## Extracted records
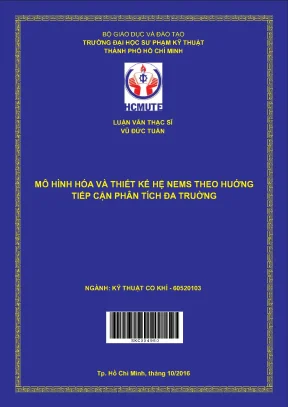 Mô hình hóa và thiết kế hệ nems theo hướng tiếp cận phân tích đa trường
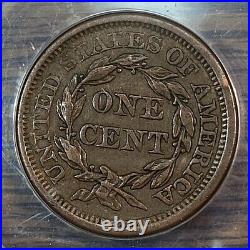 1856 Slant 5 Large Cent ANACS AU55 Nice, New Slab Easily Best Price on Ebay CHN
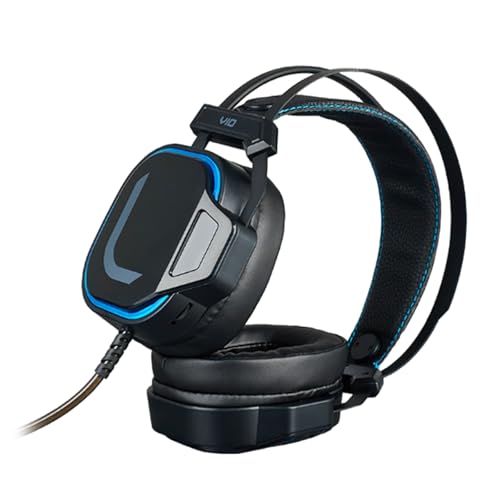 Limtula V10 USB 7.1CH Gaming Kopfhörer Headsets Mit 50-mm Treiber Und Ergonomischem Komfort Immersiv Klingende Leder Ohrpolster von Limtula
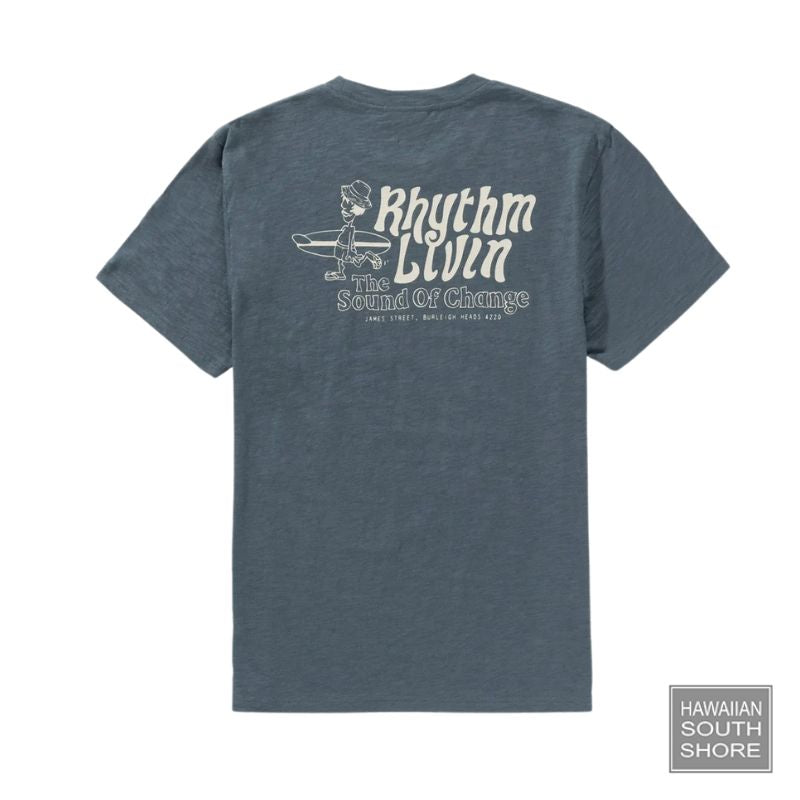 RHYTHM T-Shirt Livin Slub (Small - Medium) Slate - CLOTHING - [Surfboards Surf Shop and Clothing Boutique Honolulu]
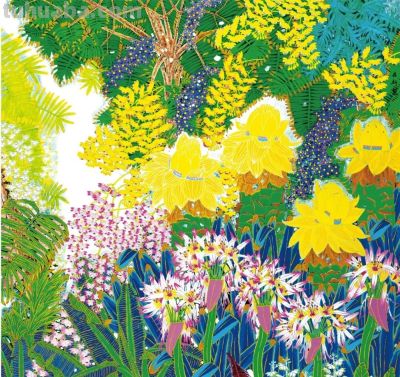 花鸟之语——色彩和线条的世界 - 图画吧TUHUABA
...
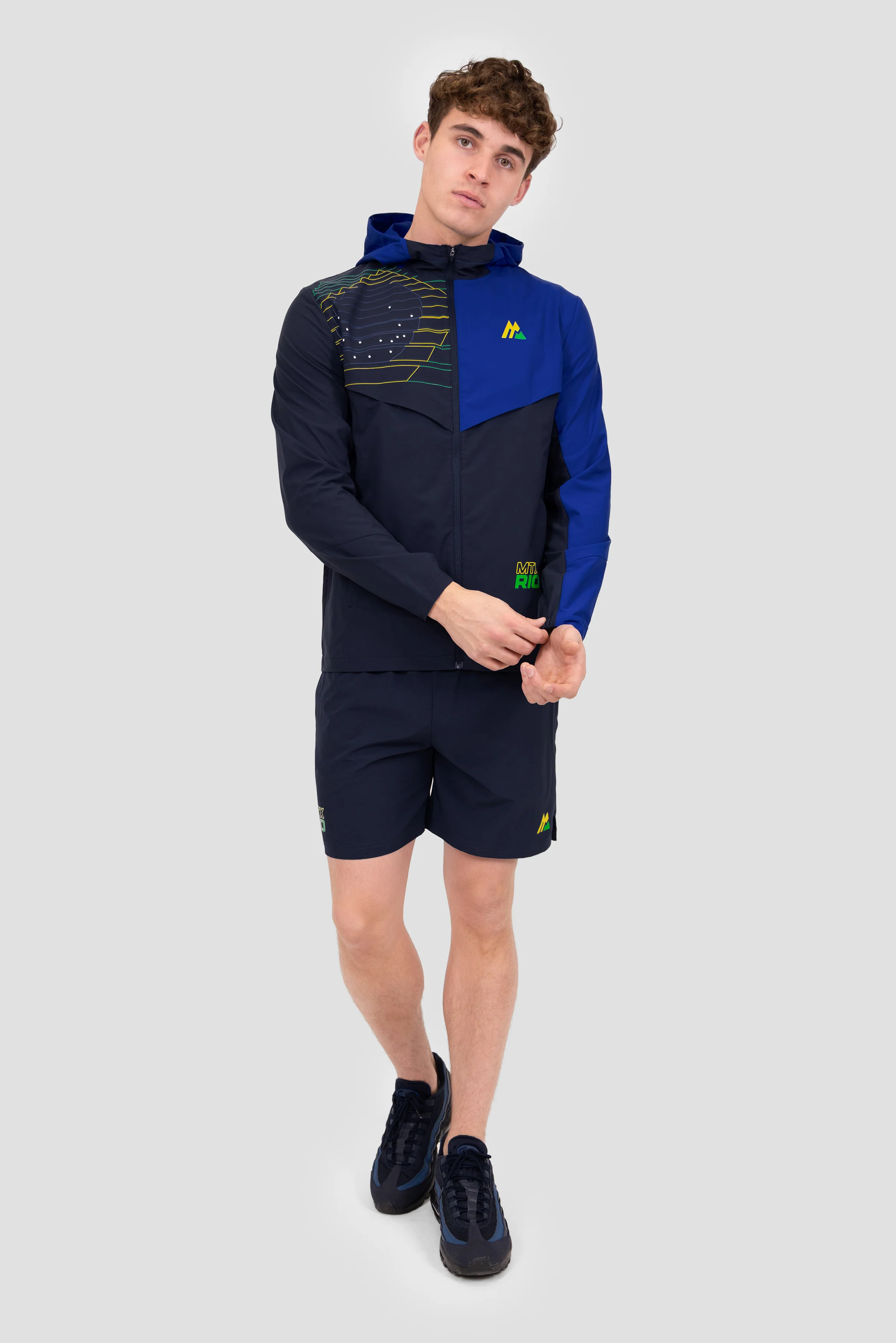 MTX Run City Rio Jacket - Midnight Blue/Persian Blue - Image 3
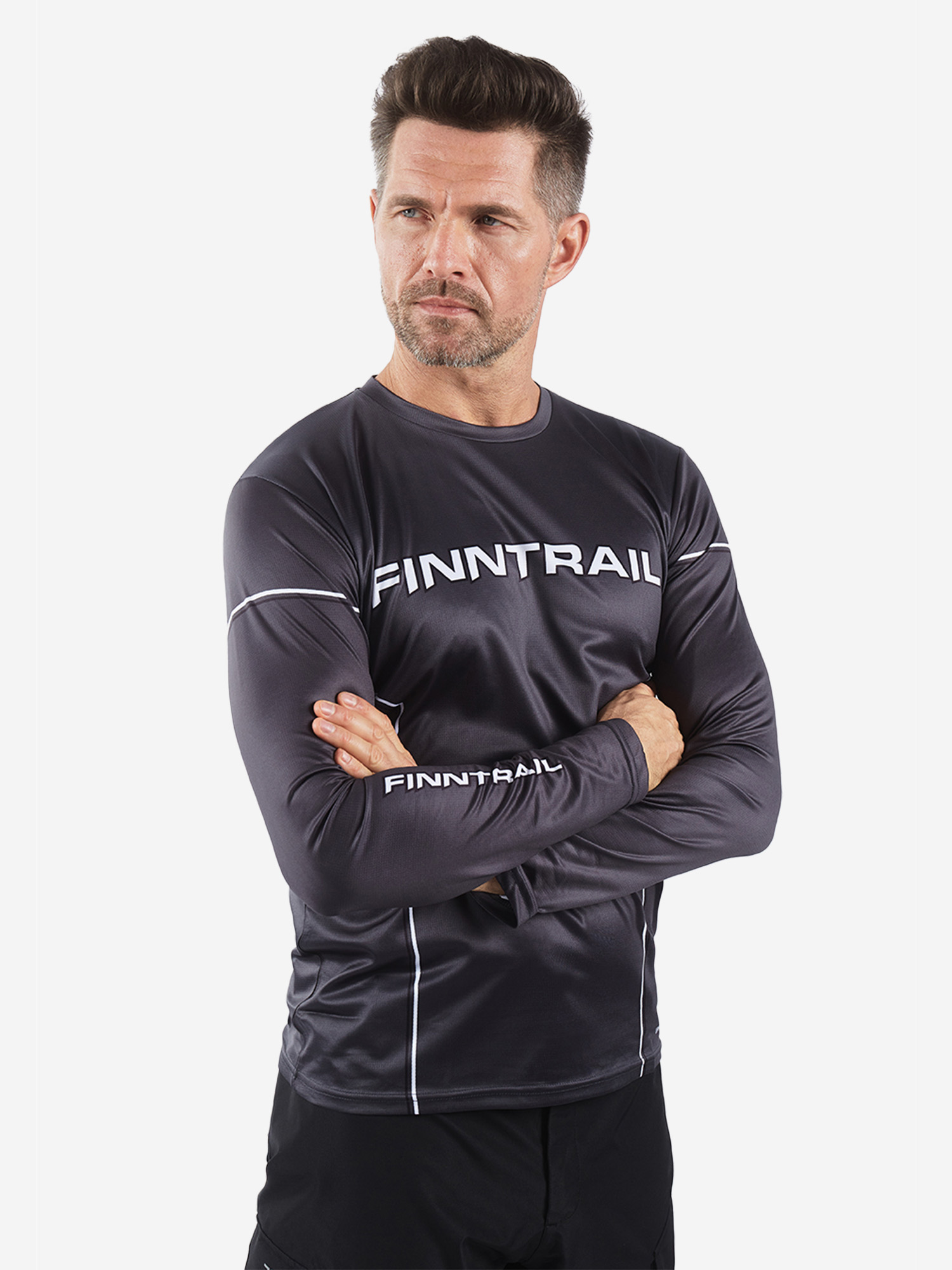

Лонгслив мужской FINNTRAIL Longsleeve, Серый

## Activity
Please return the material above only from the line that holds "Mô hình hóa" through the line that holds "Limtula V10 USB", exactly as it stands, ends included and pictures omitted.

## Solution for this exercise
 Mô hình hóa và thiết kế hệ nems theo hướng tiếp cận phân tích đa trường
 1856 Slant 5 Large Cent ANACS AU55 Nice, New Slab Easily Best Price on Ebay CHN
 Limtula V10 USB 7.1CH Gaming Kopfhörer Headsets Mit 50-mm Treiber Und Ergonomischem Komfort Immersiv Klingende Leder Ohrpolster von Limtula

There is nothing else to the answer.